Con questa decisione il Tribunale federale non fa altro che confermare la validità giuridica della modifica proposta. Respingendo il ricorso l’Alta Corte convalida la proposta della direzione della Polizia cantonale e dunque la volontà di disporre sia di ispettori provenienti dai ranghi della gendarmeria che di ispettori provenienti dall’esterno. Questi ultimi dovranno però disporre di una formazione e di competenze specifiche, così come seguire la necessaria istruzione di base allo scopo di conseguire l’attestato federale di agente di polizia.

Tale decisione, che permetterà il reclutamento di ispettori a partire dalla prossima selezione anche con questa nuova modalità, fornirà i mezzi per rinforzare ulteriormente i ranghi della Polizia giudiziaria al fine di ancor meglio fronteggiare le nuove forme di criminalità. Tramite le due modalità di assunzione si mira a valorizzare le sinergie che deriveranno dalle differenti esperienze e formazione dei due percorsi professionali.

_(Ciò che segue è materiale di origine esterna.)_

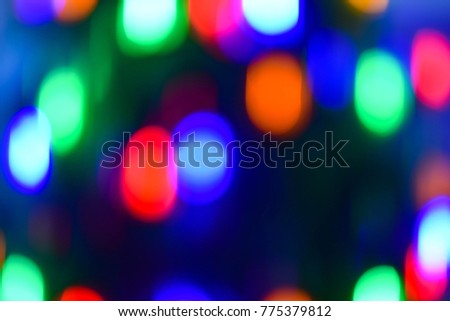 Christmas and new year decoration (background). Abstract blurred bokeh blinking garland.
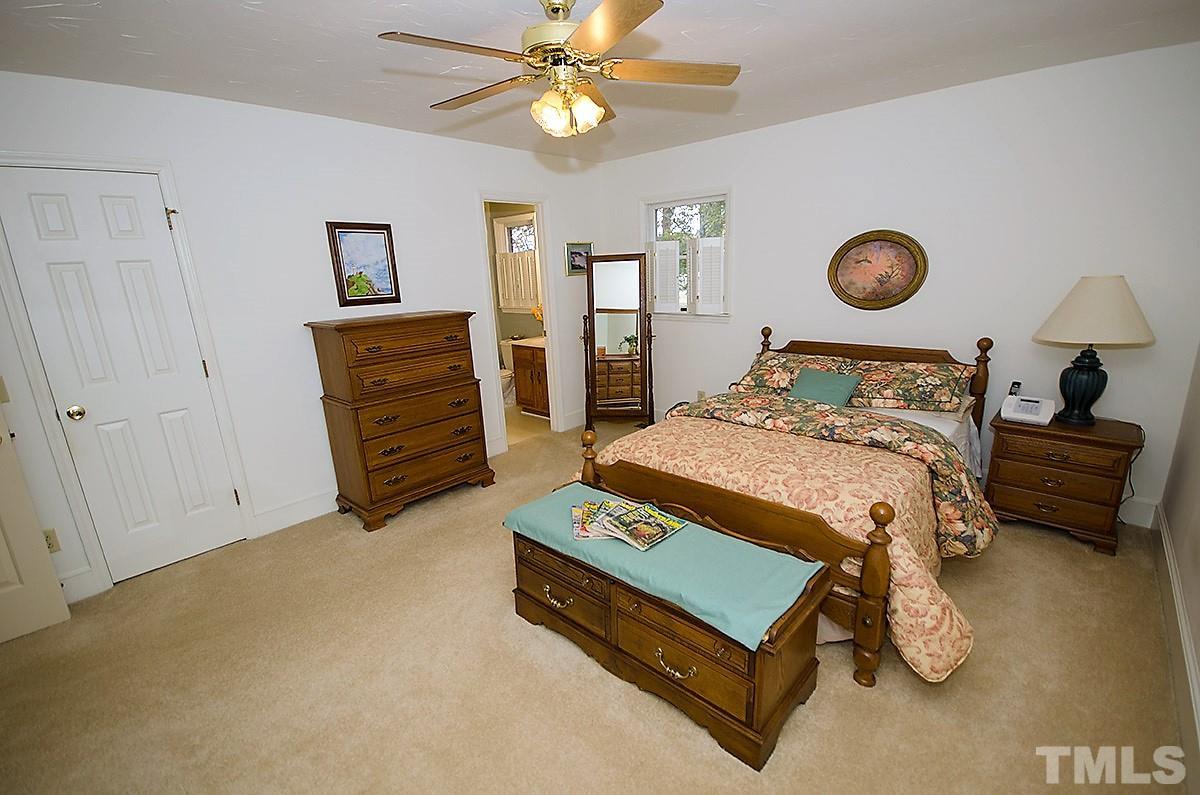 2176 Burlington Road Roxboro, NC 27573 - Photo 14 of 25 a bedroom with a bed and a chandelier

Per una reazione a caldo abbiamo sentito il responsabile del DI Norman Gobbi. «Una prova l’avevamo già fatta ed era funzionata bene in quanto i candidati che si erano presentati erano di qualità. Quindi questa scelta, oltre che dal punto di vista giuridico, anche da quello operativo è giusta. L’obiettivo non è quello di eliminare la normale via per diventare ispettore e cioè l’accesso alla scuola di ispettore, solo dopo 5 anni come gendarme, ma quella di permettere un’alternativa. Per ora non abbiamo obiettivi numerici. Non sappiamo ancora quanti seguiranno questa strada. Dipenderà da quanti gendarmi decidono di seguire la scuola per ispettori. La via privilegiata, quindi, resta quella interna. Ma se questa non basta, alimenteremo gli ispettori dall’esterno».